Explanation: Design Patterns & Best Practices

When your project grows beyond a single script, adopting a clear structure and a few core habits makes Crystallize easier to maintain and scale.

Organise your code by responsibility. A typical layout might look like:

project/
├── datasources/
├── steps/
├── experiments/
└── graph.py

Each experiment imports datasources and pipeline steps from the dedicated modules. The graph.py file defines the ExperimentGraph that ties them together.

Managing Expensive Resources with resource_factory

Section titled “Managing Expensive Resources with resource_factory”

Some objects, such as large ML models or database connections, cannot be pickled and are expensive to initialise.
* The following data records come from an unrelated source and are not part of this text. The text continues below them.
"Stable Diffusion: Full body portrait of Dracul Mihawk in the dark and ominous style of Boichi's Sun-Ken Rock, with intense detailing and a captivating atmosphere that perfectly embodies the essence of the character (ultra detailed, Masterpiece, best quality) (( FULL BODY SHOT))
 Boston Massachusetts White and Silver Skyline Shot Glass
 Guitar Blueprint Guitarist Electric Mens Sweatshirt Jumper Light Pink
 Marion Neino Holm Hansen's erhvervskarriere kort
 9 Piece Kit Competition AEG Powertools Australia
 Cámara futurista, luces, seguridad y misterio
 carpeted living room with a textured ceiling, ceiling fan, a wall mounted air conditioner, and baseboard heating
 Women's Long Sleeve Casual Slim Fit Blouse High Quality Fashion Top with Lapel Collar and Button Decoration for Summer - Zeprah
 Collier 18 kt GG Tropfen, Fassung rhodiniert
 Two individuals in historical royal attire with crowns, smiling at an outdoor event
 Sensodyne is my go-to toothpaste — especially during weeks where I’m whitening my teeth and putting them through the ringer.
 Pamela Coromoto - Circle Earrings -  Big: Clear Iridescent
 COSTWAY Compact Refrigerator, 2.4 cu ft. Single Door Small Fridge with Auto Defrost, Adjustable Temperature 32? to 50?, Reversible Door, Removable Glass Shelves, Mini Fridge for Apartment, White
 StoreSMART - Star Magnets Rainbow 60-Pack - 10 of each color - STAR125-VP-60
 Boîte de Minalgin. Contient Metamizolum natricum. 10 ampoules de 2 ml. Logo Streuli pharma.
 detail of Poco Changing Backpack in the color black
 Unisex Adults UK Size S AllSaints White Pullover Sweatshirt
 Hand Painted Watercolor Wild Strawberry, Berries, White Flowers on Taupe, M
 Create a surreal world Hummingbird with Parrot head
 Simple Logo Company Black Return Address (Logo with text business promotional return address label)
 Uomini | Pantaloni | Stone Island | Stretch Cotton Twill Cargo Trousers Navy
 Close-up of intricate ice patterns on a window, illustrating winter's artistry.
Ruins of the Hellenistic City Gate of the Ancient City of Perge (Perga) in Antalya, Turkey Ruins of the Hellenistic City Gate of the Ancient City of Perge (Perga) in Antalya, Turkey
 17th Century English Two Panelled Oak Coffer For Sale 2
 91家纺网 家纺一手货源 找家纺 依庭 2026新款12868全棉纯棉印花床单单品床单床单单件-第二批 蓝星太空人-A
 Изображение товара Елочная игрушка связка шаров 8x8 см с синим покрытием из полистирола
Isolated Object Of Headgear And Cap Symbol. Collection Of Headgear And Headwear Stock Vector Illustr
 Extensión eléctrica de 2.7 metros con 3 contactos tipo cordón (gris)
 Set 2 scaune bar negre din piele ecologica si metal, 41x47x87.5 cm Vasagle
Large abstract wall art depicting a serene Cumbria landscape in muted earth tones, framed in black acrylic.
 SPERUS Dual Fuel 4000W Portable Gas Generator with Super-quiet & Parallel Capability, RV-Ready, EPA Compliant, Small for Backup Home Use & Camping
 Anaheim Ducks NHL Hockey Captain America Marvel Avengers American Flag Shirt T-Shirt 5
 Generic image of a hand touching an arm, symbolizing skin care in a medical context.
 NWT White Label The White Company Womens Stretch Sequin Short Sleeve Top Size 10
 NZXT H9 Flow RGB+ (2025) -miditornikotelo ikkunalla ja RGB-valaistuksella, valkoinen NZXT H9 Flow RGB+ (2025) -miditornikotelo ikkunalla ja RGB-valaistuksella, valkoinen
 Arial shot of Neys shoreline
Wrap the construction function with resource_factory and add it to your experiment’s initial_ctx.

factory = resource_factory(
OpenAiClientFactory(opts), # your initialization callable
key="openai_client",
)
ctx.add("openai_client", factory)

This pattern mirrors the initialisation helpers in crystallize_extras.openai_step. The factory ensures that the resource is created once per worker process, so parallel runs share memory efficiently and avoid pickling errors.

Writing Idempotent and Cacheable Pipeline Steps

Section titled “Writing Idempotent and Cacheable Pipeline Steps”

A pipeline step should produce the same output when given the same input and context. Avoid in-place modifications of shared objects and use a seed from the context for all randomness:

seed = ctx.get("seed_used")
random.seed(seed)
np.random.seed(seed % (2**32 - 1))

Keeping steps deterministic allows the resume strategy to reliably reuse cached artifacts and only rerun stages that have truly changed.

Choose clear, consistent names so artifacts are easy to interpret:

  • Experiments: exp_01_data_prep
  • Treatments: treatment_upsample_2x
  • Metrics: metric_f1_score_macro

Meaningful names help track results across replicates and over time.